Only three states have targets for energy savings among low-income or historically marginalized households, according to a report from the American Council for an Energy-Efficient Economy (ACEEE).
Twenty-five states and Washington, DC, have energy savings targets for utilities—known as energy efficiency resource standards (EERS)—and 13 of those require some level of investment in underserved populations, such as low-income customers or communities of color. But only Pennsylvania, Massachusetts and DC have energy savings targets for low-income households.
The report calls on state legislatures (or public utility commissions where applicable) to center equity in their EERS policies. States can begin by requiring utilities to devote significant funding toward incentives for home efficiency improvements for low-income households. To reach those who would benefit most from reduced energy bills, states should also set targets to reduce energy burdens across diverse populations.
Massachusetts is a leader in tracking equity metrics, the report finds. The state requires utility efficiency programs to report their spending in environmental justice communities and among renters, households with limited English language proficiency, and minority- and woman-owned small businesses. Also of note, Pennsylvania requires that low-income customers account for at least 6% of utility efficiency programs’ total energy savings.
Seven states include equitable workforce development and procurement practices in their utility efficiency programs. The report calls for states to provide job training for groups that have typically been underrepresented in the clean energy sector. One state leading in this area is Illinois, which provides grants and loans to woman- and minority-owned businesses in the renewable energy and energy efficiency sectors. Illinois has also established job transition programs for displaced fossil fuel workers to ensure they are included in the clean energy transition.
Utility regulators traditionally have not sought input from disadvantaged communities, contributing to racial and economic inequities. To achieve equitable outcomes, the report recommends that states go beyond merely soliciting feedback from disinvested communities and instead set aside decision-making seats for representatives of those communities when designing and implementing energy programs.
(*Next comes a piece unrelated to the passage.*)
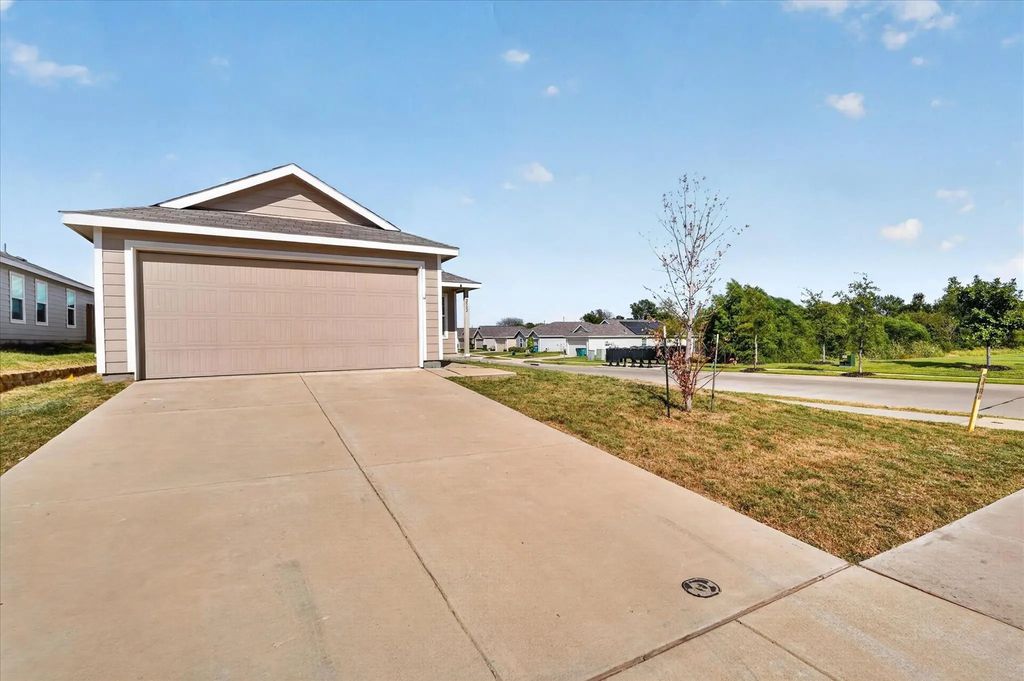 2502 Coronado Way, Crandall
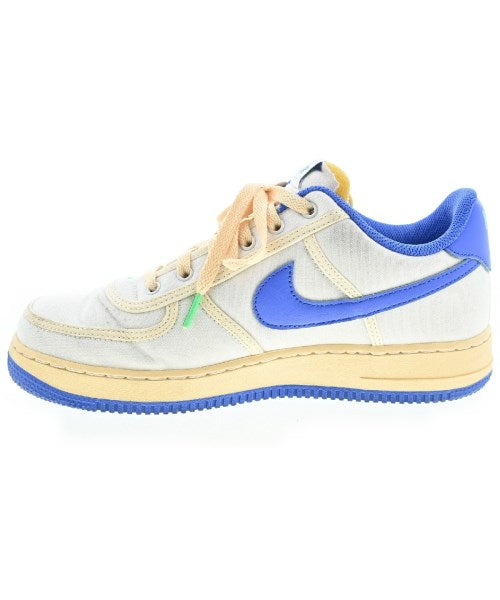 NIKE รองเท้าผ้าใบ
The report also recommends funding to address barriers that prevent participation in efficiency programs, such as the need for “pre-weatherization” repairs necessary to prepare homes for energy efficiency improvements. These include roof repairs, mold remediation, sump pump installation, and addressing electrical or structural issues. In Illinois, the utilities Ameren and ComEd are required to invest at least 15% of their low-income efficiency budget on pre-weatherization work. These measures can also improve indoor air quality and reduce the incidence of asthma attacks and other ailments.
To develop the report, ACEEE reviewed legislation and public utility commission orders establishing energy efficiency savings targets in each of the 26 jurisdictions with EERS policies that had been implemented by the first half of 2022. More recent developments, such as Maryland’s energy savings targets for low-income housing, were not included in the report. ACEEE also surveyed commissions to understand how programs are designed and implemented. Officials in 22 states and DC provided insights into their EERS equity efforts.